House of Houdini Opens in Hungary
What does the famed illusionist Harry Houdini have in common with actors Zsa Zsa and Eva Gabor, pianist and composer Franz Liszt, author Noemi Ban, entrepreneur George Soros, chess player Susan Polgar, Fashion Model Bargara Palvin and horror movie king Bela Lugosi? They are all from Hungary. It’s true, the American illusionist was Hungarian, born in Budapest in 1874, the son of a rabbi and part of a large family with seven children.
Now, ninety years after his death, the secrets of S.A.M. Past National President, Harry Houdini have been unlocked in a recently opened Hungarian museum devoted to the Budapest-born illusionist. The museum is located high in the capital’s lofty Castle district. Named the House of Houdini, this museum lifts the veil on the classified methods and mysterious life of the famous magician, who lived most of his life in the United States. The museum’s opening coincided with the 90th anniversary of Houdini’s death on Halloween in 1926.

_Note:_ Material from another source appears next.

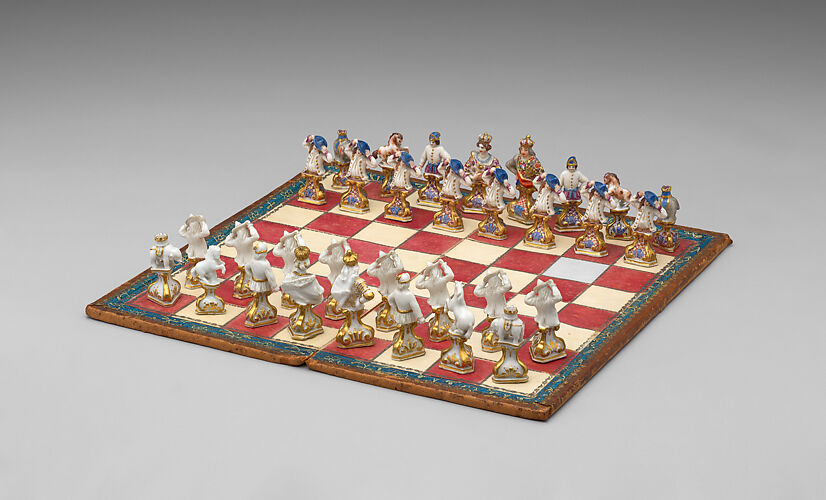 Chessmen (32) and board with case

Amid gleaming chandeliers and old Chesterfield seats, the red-painted rooms showcase handcuffs and padlocks used by Houdini in performances. Among a plethora of the escapist’s possessions is a recent acquisition, a Bible once owned by a 19-year-old Houdini. It seems that Mary Conaghan – O’Grady, who lives in the United States was given a copy of a bible once owned and signed by the famed magician and his father. Earlier this month Mary’s daughter Tara travelled to Budapest in Hungary to donate the bible to The House of Houdini. Visitors can also see props from the 2014 television miniseries Houdini that starred Adrian Brody including an illusion where a woman appears to get cut in half.
The recently opened museum is quickly becoming a landmark meeting point for magicians and lovers of the art of magic from all over the world. Joe M. Turner visited the museum before it opened and presented them with a special Certificate of Recognition when he was President of The International Brotherhood of Magicians.

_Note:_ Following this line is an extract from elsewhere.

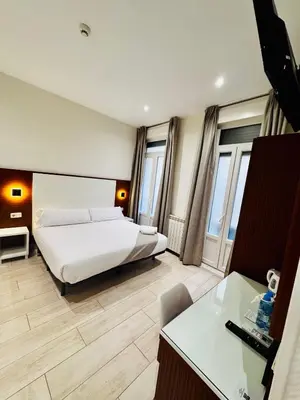 Cama o camas de una habitación en Hostal Cervelo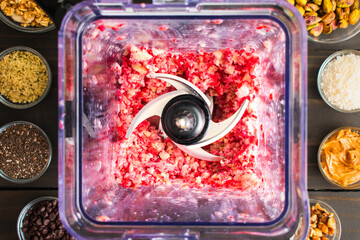 Chopped Frozen Strawberries and Bananas in a Blender: Directly above blender pitcher filled with bits of frozen fruit surrounded by smoothie toppings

Born Erik Weisz in Budapest in 1874, Houdini and his family left for Appleton, Wisconsin, when he was just four years old. He first attracted notice in Vaudeville as a card manipulator and later he billed himself as “Harry Handcuff Houdini” and undertook a tour of Europe, where he challenged police forces to keep him locked up. Soon he extended his repertoire to include chains, ropes slung from skyscrapers, straitjackets under water, and having to escape from and hold his breath inside a sealed milk can with water in it.
Houdini served as President of the Society of American Magicians from 1917 until his death in 1926. Founded on May 10, 1902, in the back room of Martinka’s magic shop in New York, the Society expanded under the leadership of Harry Houdini during his term as National President. Houdini was magic’s greatest visionary. He sought to create a large, unified national network of professional and amateur magicians. Wherever he traveled, Houdini gave a lengthy formal address to the local magic club, made speeches, and usually threw a banquet for the members at his own expense.

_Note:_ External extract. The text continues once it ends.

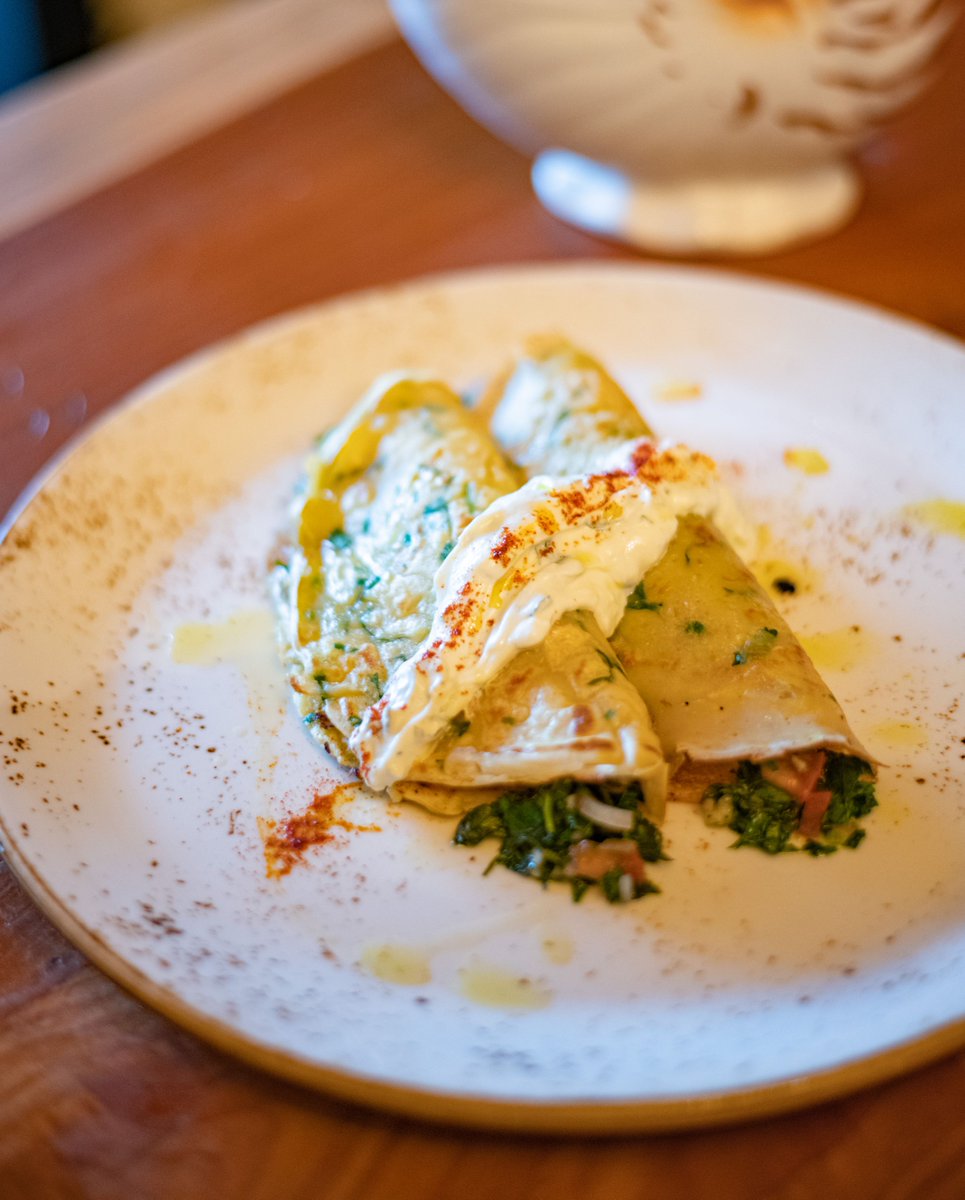 This is not just a pancake, this is a tabbouleh in the middle, gluten free pancake made with Chickpea flour and served with a dollop of minted raita for good measure.

 This is not just food, this is Trader Vic’s food.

At the House of Houdini there is a stage where young magicians charm visitors with a parlor show. “I had an urge to pay tribute to Houdini,” said museum owner and fellow escapologist David Merlini who has dedicated his life to collecting the items on display. “We are all Houdinis. Everyone has a secret desire sometimes to get out of a certain situation, to be somewhere else, in a different pair of shoes, that is his enduring universal appeal”.
Visitors can enter The House anytime during operating hours, but admission to The Collection is only open to guests that can solve the “Entrance Arcane”. You read that correctly, entrance to the magic area is possible only after successfully decoding the secret message on the ticket. If a visitor fails to decode the message, the secret passage will not appear and The House of Houdini will refund the ticket. Of course, the staff is always happy to provide helpful hints to solve the secret.